### How to complete this task
Could you restate all of the records below exactly, with the pictures left out?

### Raw data
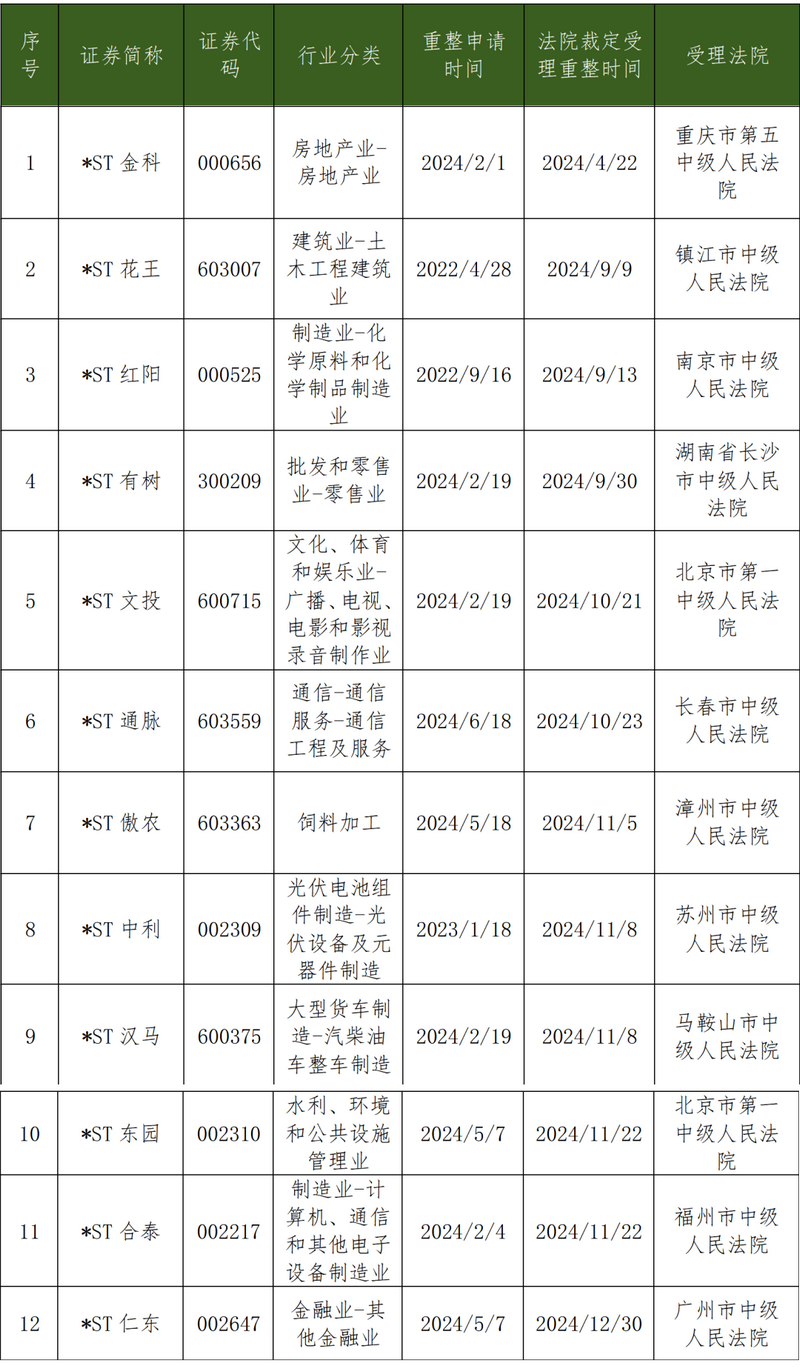 微信图片_20250109132714.png 微信图片_20250109132714.png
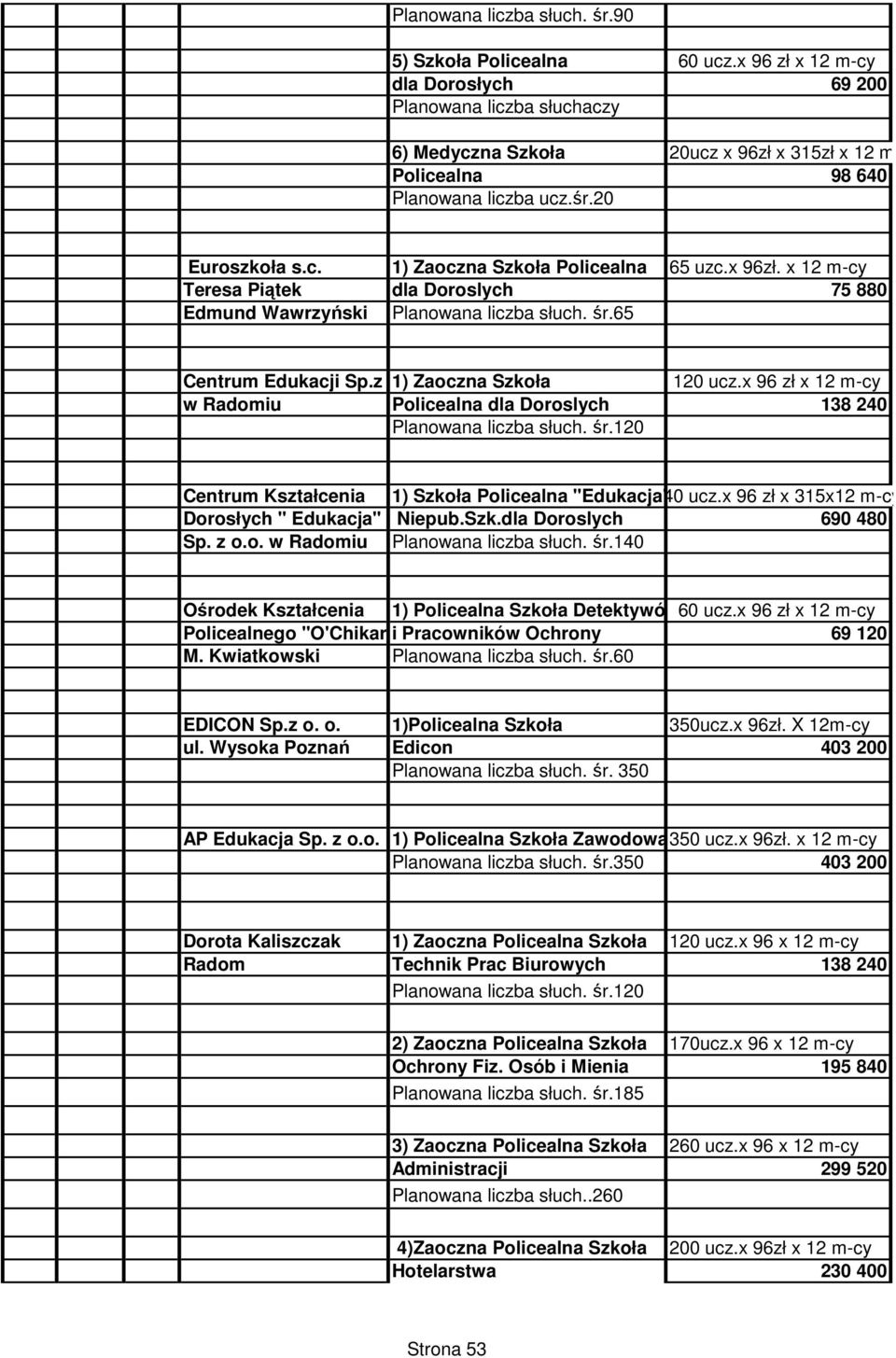 x 96zł. x 12 m-cy Teresa Piątek dla Doroslych 75 880 Edmund Wawrzyński Planowana liczba słuch. śr.65 Centrum Edukacji Sp.z o.o. 1) Zaoczna Szkoła 120 ucz.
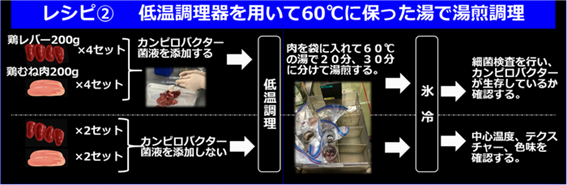レシピ2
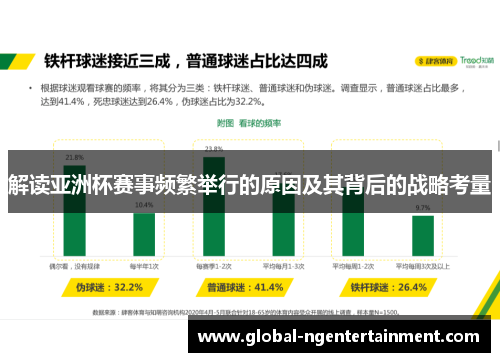 解读亚洲杯赛事频繁举行的原因及其背后的战略考量 解读亚洲杯赛事频繁举行的原因及其背后的战略考量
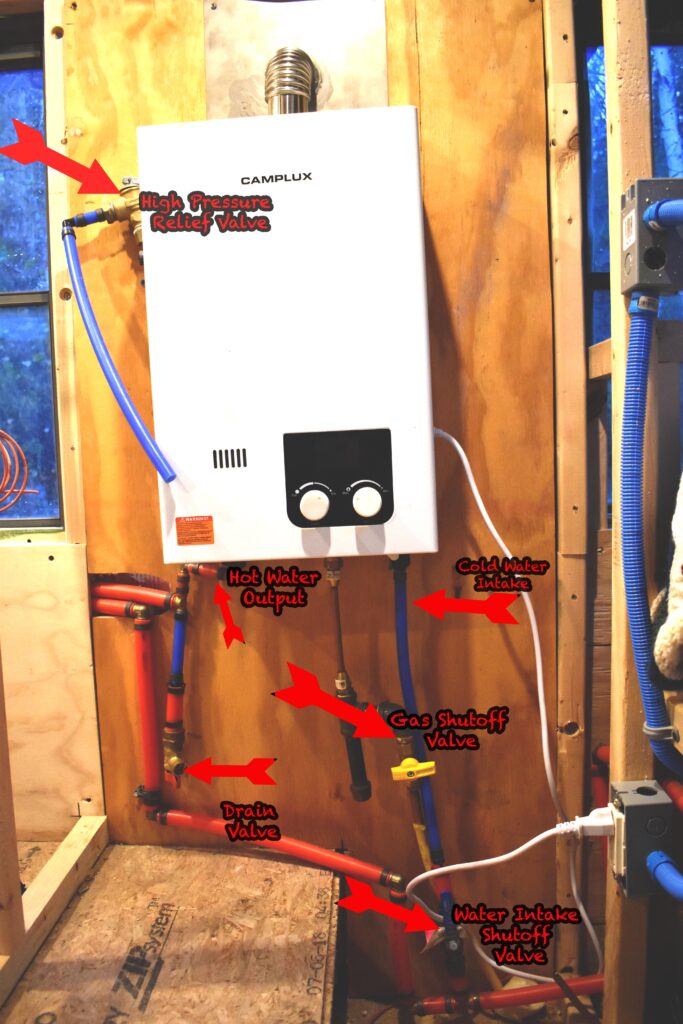Labeled parts of camplux heater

### Worked solution
 微信图片_20250109132714.png 微信图片_20250109132714.png
 x 96zł. x 12 m-cy Teresa Piątek dla Doroslych 75 880 Edmund Wawrzyński Planowana liczba słuch. śr.65 Centrum Edukacji Sp.z o.o. 1) Zaoczna Szkoła 120 ucz.
レシピ2
 解读亚洲杯赛事频繁举行的原因及其背后的战略考量 解读亚洲杯赛事频繁举行的原因及其背后的战略考量
Labeled parts of camplux heater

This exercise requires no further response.